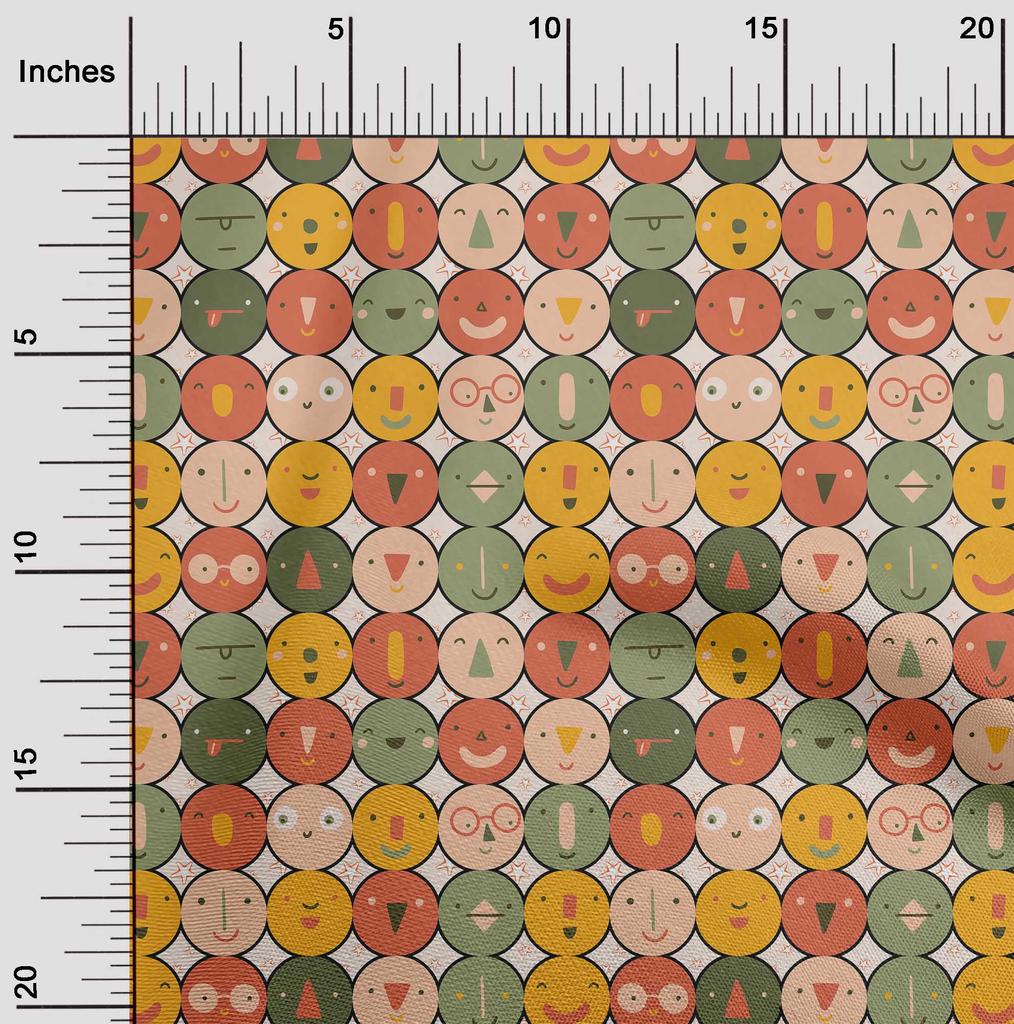 oneOone Bavlněný Flex Tmavě Broskvový Látka Dětské Kruhové Prošívací Potřeby Potisk Šicí Látka Na Metráž 40 Palců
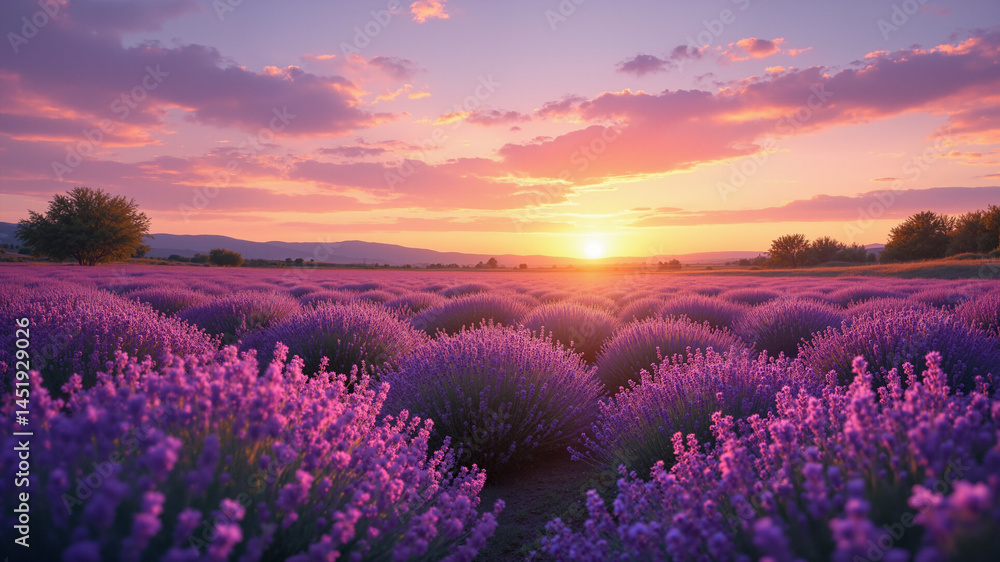 Fototapeta premium The image shows a stunning lavender field at sunset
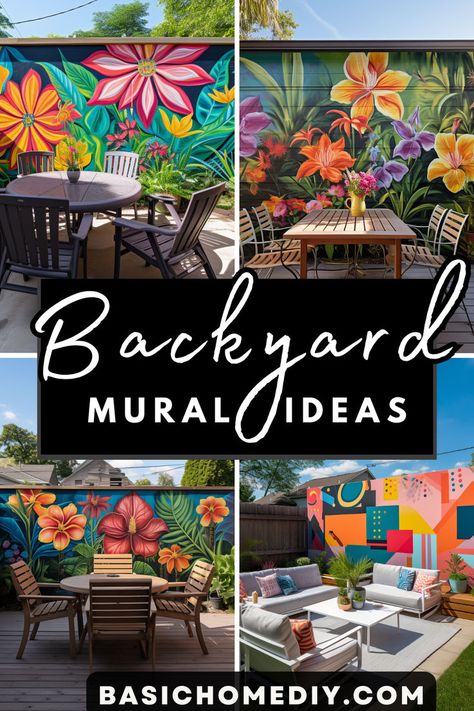 Elevate your outdoor space with Unique Backyard Mural Ideas for Garden and Fence! Explore creative outdoor art and mural designs that transform your garden and fence into a living masterpiece. From vibrant landscapes to whimsical motifs, these ideas will breathe life into your backyard oasis. 🌿🎨🌼 #OutdoorDecor #GardenArt #MuralIdeas #BackyardBeauty Outdoor Patio Mural Ideas, Garden Graffiti Wall, Easy Fence Mural Ideas, Diy Garden Wall Art, Decorative Outdoor Wall Ideas, Outside Murals Gardens, Funky Backyard Ideas, Outdoor Garden Mural, Garden Mural Outdoor Wall Art Easy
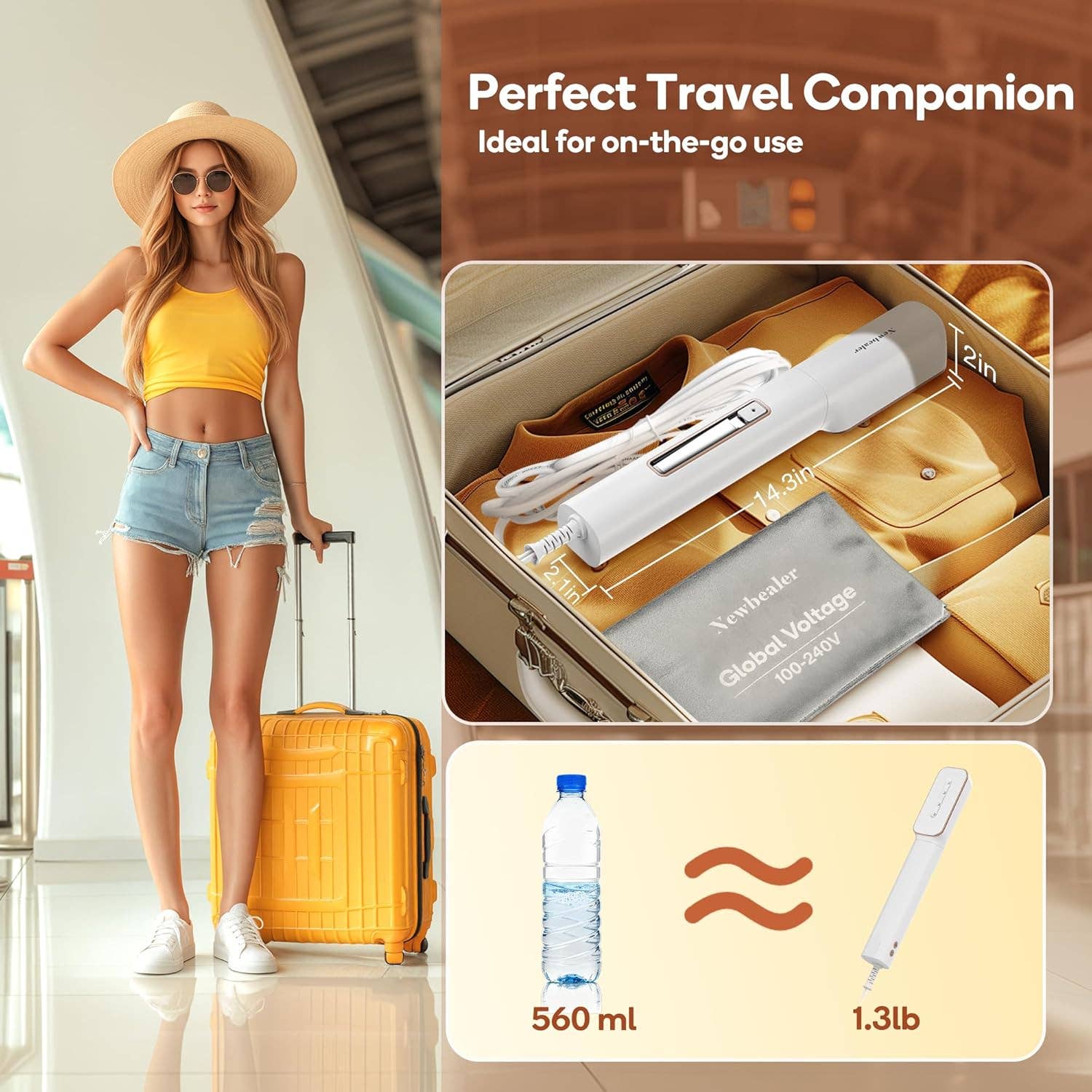Newbealer - 3-in-1 Portable Steamer for Clothes, Global Voltage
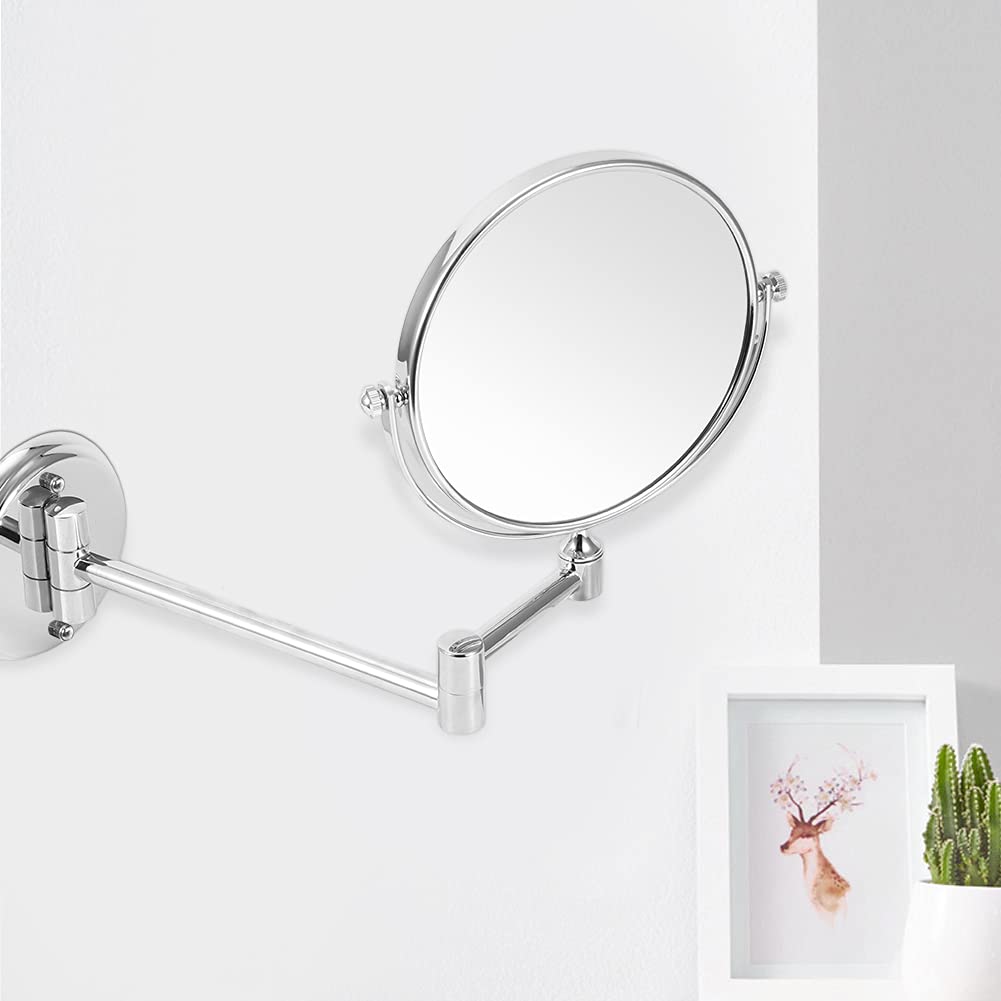 Espejo de Maquillaje de Cobre para Baño Doméstico, Espejo de Maquillaje de Plata para Hotel de Cobre, Espejo de Tocador de Baño, Espejo de Tocador (Fondo redondo plateado brillante 6 pulgadas)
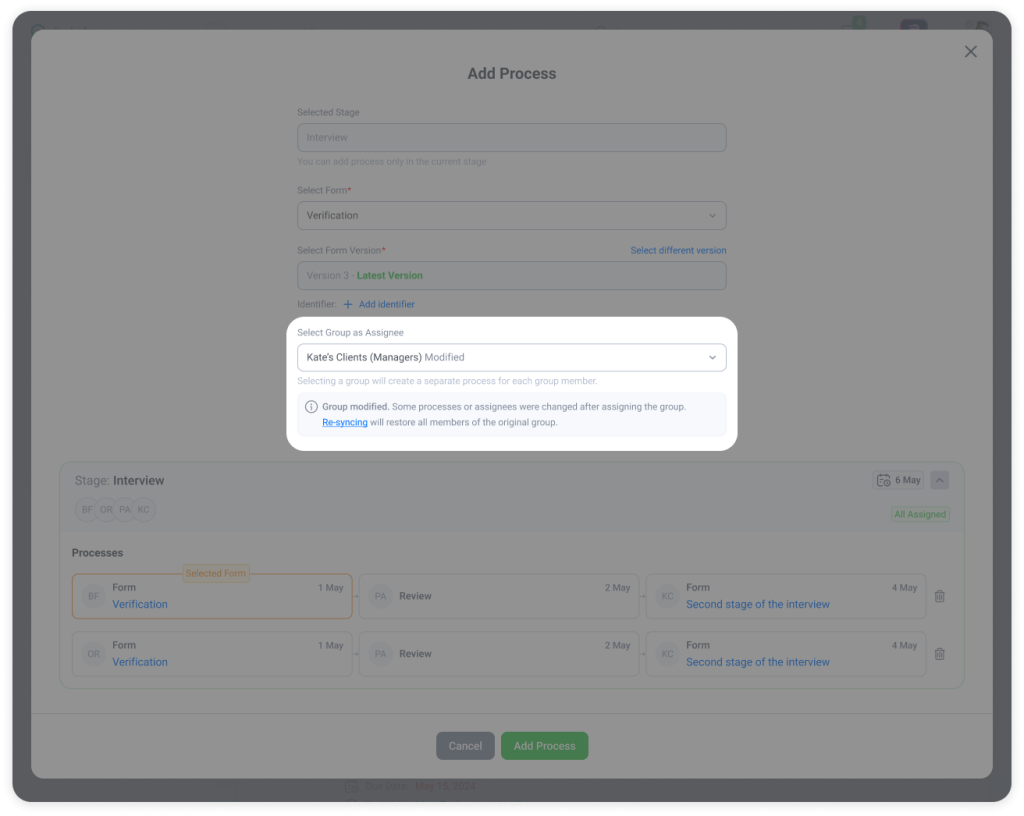 Trisk interface displaying a modified User Group assignment with a notice and re-sync option, helping professional service firms maintain accurate, audit-ready workflow assignments even when group membership or assignees change mid-process.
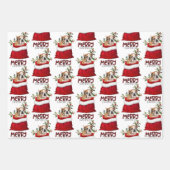 キュートブラウンブルドッグパピーインホリデー抱き枕 ラッピングペーパーシート (正面)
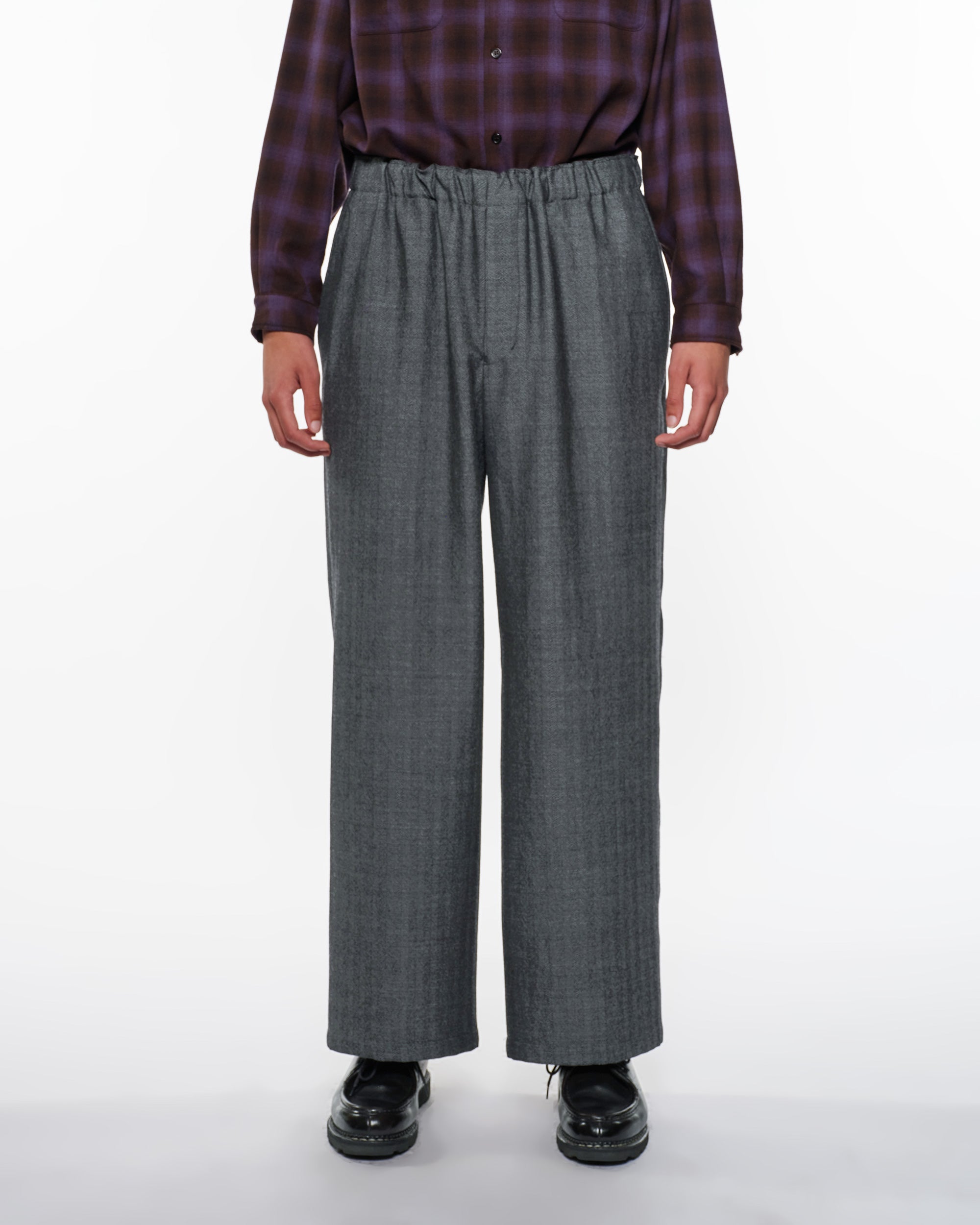 ウールサージ ワッシャータンブラー / ワイドレッグイージーパンツ, Herringbone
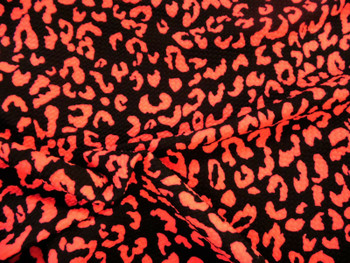 Bullet Printed Liverpool Textured Fabric Stretch Cheetah Black Neon Coral P52 Bullet Printed Liverpool Textured Fabric Stretch Cheetah Black Neon Coral P52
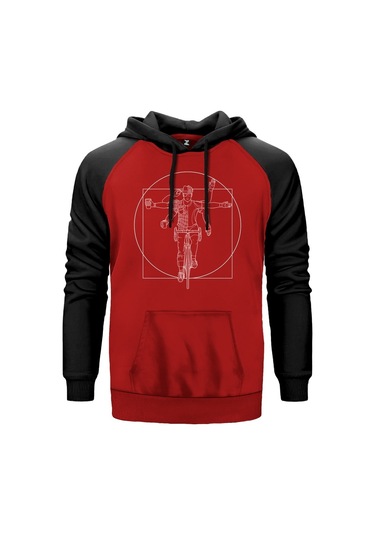 Bicyclist Kırmızı Reglan Kol Kapşonlu Unisex Sweatshirt Kırmızı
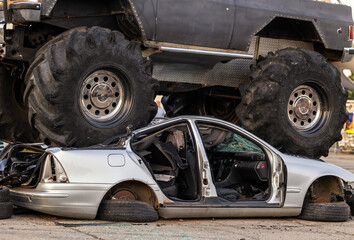 Huge big foot car smash car on monster truck show outdoor © Zsolt Biczó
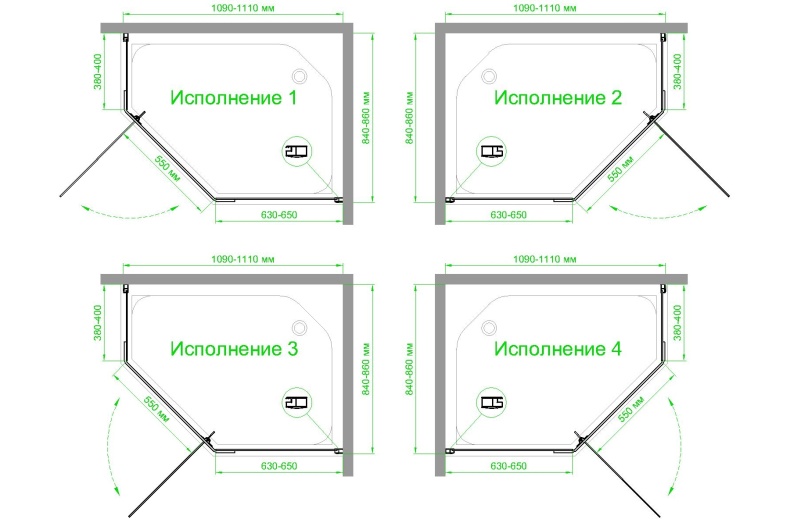 Душевой уголок Royal Bath TR 85х110 профиль черный стекло матовое RB1185TR-C-BL - 3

++++++++++

Problem requirements
Copy out the entries exactly. No pictures.

Exercise output
 oneOone Bavlněný Flex Tmavě Broskvový Látka Dětské Kruhové Prošívací Potřeby Potisk Šicí Látka Na Metráž 40 Palců
 Fototapeta premium The image shows a stunning lavender field at sunset
 Elevate your outdoor space with Unique Backyard Mural Ideas for Garden and Fence! Explore creative outdoor art and mural designs that transform your garden and fence into a living masterpiece. From vibrant landscapes to whimsical motifs, these ideas will breathe life into your backyard oasis. 🌿🎨🌼 #OutdoorDecor #GardenArt #MuralIdeas #BackyardBeauty Outdoor Patio Mural Ideas, Garden Graffiti Wall, Easy Fence Mural Ideas, Diy Garden Wall Art, Decorative Outdoor Wall Ideas, Outside Murals Gardens, Funky Backyard Ideas, Outdoor Garden Mural, Garden Mural Outdoor Wall Art Easy
Newbealer - 3-in-1 Portable Steamer for Clothes, Global Voltage
 Espejo de Maquillaje de Cobre para Baño Doméstico, Espejo de Maquillaje de Plata para Hotel de Cobre, Espejo de Tocador de Baño, Espejo de Tocador (Fondo redondo plateado brillante 6 pulgadas)
 Trisk interface displaying a modified User Group assignment with a notice and re-sync option, helping professional service firms maintain accurate, audit-ready workflow assignments even when group membership or assignees change mid-process.
 キュートブラウンブルドッグパピーインホリデー抱き枕 ラッピングペーパーシート (正面)
 ウールサージ ワッシャータンブラー / ワイドレッグイージーパンツ, Herringbone
 Bullet Printed Liverpool Textured Fabric Stretch Cheetah Black Neon Coral P52 Bullet Printed Liverpool Textured Fabric Stretch Cheetah Black Neon Coral P52
 Bicyclist Kırmızı Reglan Kol Kapşonlu Unisex Sweatshirt Kırmızı
 Huge big foot car smash car on monster truck show outdoor © Zsolt Biczó
 Душевой уголок Royal Bath TR 85х110 профиль черный стекло матовое RB1185TR-C-BL - 3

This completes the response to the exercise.